Fingerprint identification for stand-alone or Web solutions
VeriFinger is a fingerprint identification technology designed for biometric systems developers and integrators. The technology assures system performance with fast, reliable fingerprint matching in 1-to-1 and 1-to-many modes.
Available as a software development kit that allows development of stand-alone and Web-based solutions on Microsoft Windows, Linux, macOS, iOS and Android platforms.
Features and Capabilities
- 1500+ end-user product brands in 100+ countries used the VeriFinger algorithm over the past 23 years.
- Full NIST MINEX compliance, FpVTE and FVC awards since 2000.
- Rolled and flat fingerprint matching that is tolerant to fingerprint translation, rotation and deformation.
- Compact fingerprint template and unlimited database size.
- Available as multiplatform SDK that supports multiple scanners and multiple programming languages.
- FingerCell SDK for embedded platforms, like microcontrollers, optionally available.

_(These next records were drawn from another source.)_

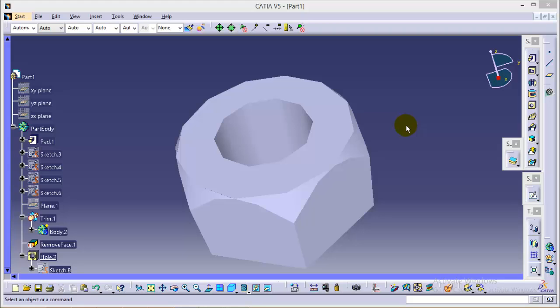Hello friends, this is Abhishek Agrawal here and this is a complete tutorial series for design and simulation of threaded hex screw and nut in CATIA V5.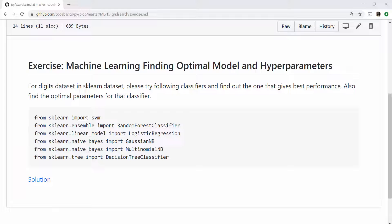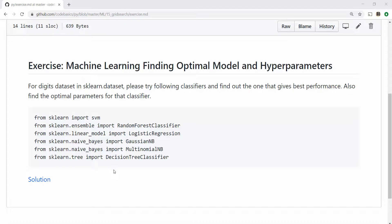Now comes the most interesting part of the tutorial: the exercise. Just by watching a video you're not going to learn anything, so please work on this exercise. We're going to take sklearn's handwritten digits dataset and classify those digits using the listed classifiers, and also find out the best parameters. Post your answer as a video comment below, and if you want you can compare your answer with the solution I've provided — though my solution is not the best one since I only tried a few parameters, so you should try more and hopefully find a better score. Thank you very much for watching this video. If you like the content please give it a thumbs up, subscribe to my channel, and share it with your friends.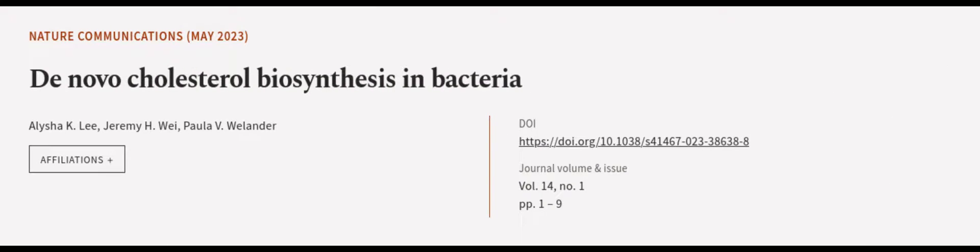This article was authored by Alisha K. Lee, Jeremy H. Wei, and Paula V. Welander. WeAreArticle.tv, links in the description below.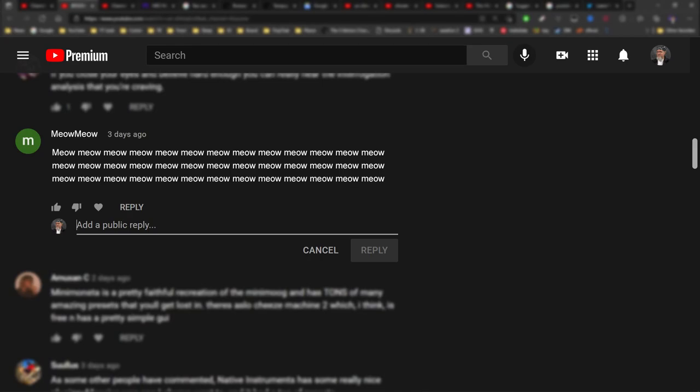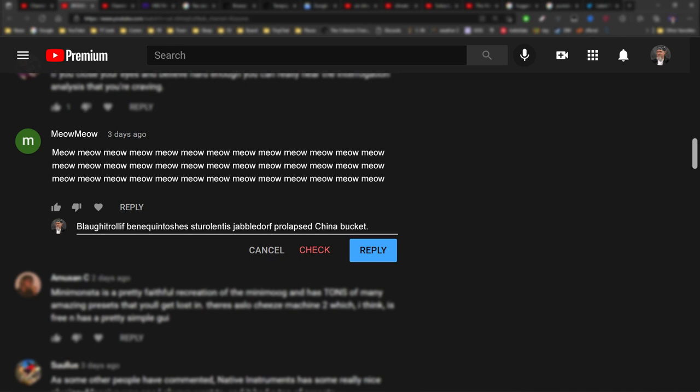It would work like this. Type your comment. Now click the check button and wait around 18 seconds.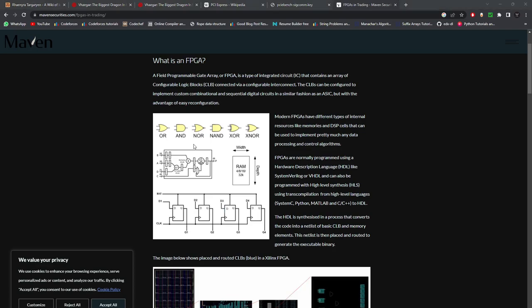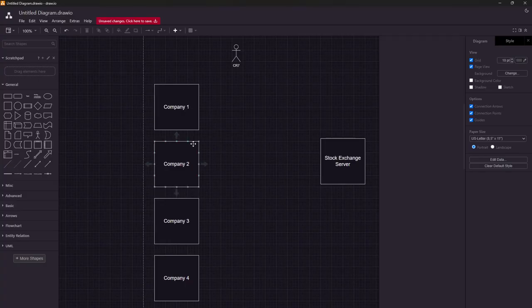Let's look at why FPGAs are required — what is the motivation behind using FPGA, and why do trading firms use FPGA instead of CPUs?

- Reasonable prices, flexible licensing and free customer support.
In 1998 Neurotechnology developed VeriFinger, a fingerprint identification technology designed for biometric system integrators. Since that time, Neurotechnology has released more than 10 major and minor versions of the VeriFinger, providing most powerful fingerprint recognition algorithms to date. Numerous awards in competitions and technology evaluations, including FVC and FpVTE, have been received by VeriFinger.
The VeriFinger algorithm is based on deep neural networks and follows the commonly accepted fingerprint identification scheme, which uses a set of specific fingerprint points (minutiae) along with a number of proprietary algorithmic solutions that enhance system performance and reliability. Some are listed below:
- Rolled and flat fingerprints matching. The VeriFinger algorithm matches flat-to-rolled, flat-to-flat or rolled-to-rolled fingerprints with a high degree of reliability and accuracy, as it is tolerant to fingerprint deformations. Rolled fingerprints have much bigger deformation due to the specific scanning technique (rolling from nail to nail) than those scanned using the "flat" technique. Conventional "flat" fingerprint identification algorithms usually perform matching between flat and rolled fingerprints less reliably due to the mentioned deformations of rolled fingerprints.
- Tolerance to fingerprint translation, rotation and deformation. VeriFinger's proprietary fingerprint template matching algorithm is able to identify fingerprints even if they are rotated, translated, deformed and have only 5 - 7 similar minutiae (usually fingerprints of the same finger have 20 - 40 similar minutiae) and matches up to 40,000 flat fingerprints per second (see technical specifications for more details). Also, the matching algorithm has a special mode for the cases when some fingerprint records have incorrect resolution.
- Identification capability. VeriFinger functions can be used in 1-to-1 matching (verification), as well as 1-to-many mode (identification).
- Image quality determination. VeriFinger is able to ensure that only the best quality fingerprint template will be stored into database by using fingerprint image quality determination during enrollment.
- Spoof fingerprint detection. A deep learning based scanned fingerprint image classification is used to separate live/non-live fingerprints to detect finger presentation attack. This feature covers spoofing attempts performed with ecoflex, wood glue, latex and gelatin and is useful for fraud identification.
- Adaptive image filtration. This algorithm eliminates noises, ridge ruptures and stuck ridges for reliable minutiae extraction – even from poor quality fingerprints – with a processing time of 0.6 seconds.
- Features generalization mode. This fingerprint enrollment mode generates the collection of generalized fingerprint features from a set of fingerprints of the same finger. Each fingerprint image is processed and features are extracted. Then the features collection set is analyzed and combined into a single generalized features collection, which is written to the database. This way, the enrolled features are more reliable and the fingerprint recognition quality considerably increases.
- Compact fingerprint template. VeriFinger allows to configure the number and size of fingerprint features in a fingerprint template. Combined with unlimited database size, this capability allows to optimize target system size and performance.
- Scanner-specific algorithm optimizations. VeriFinger 12.2 includes algorithm modes that help to achieve better results for the supported fingerprint scanners.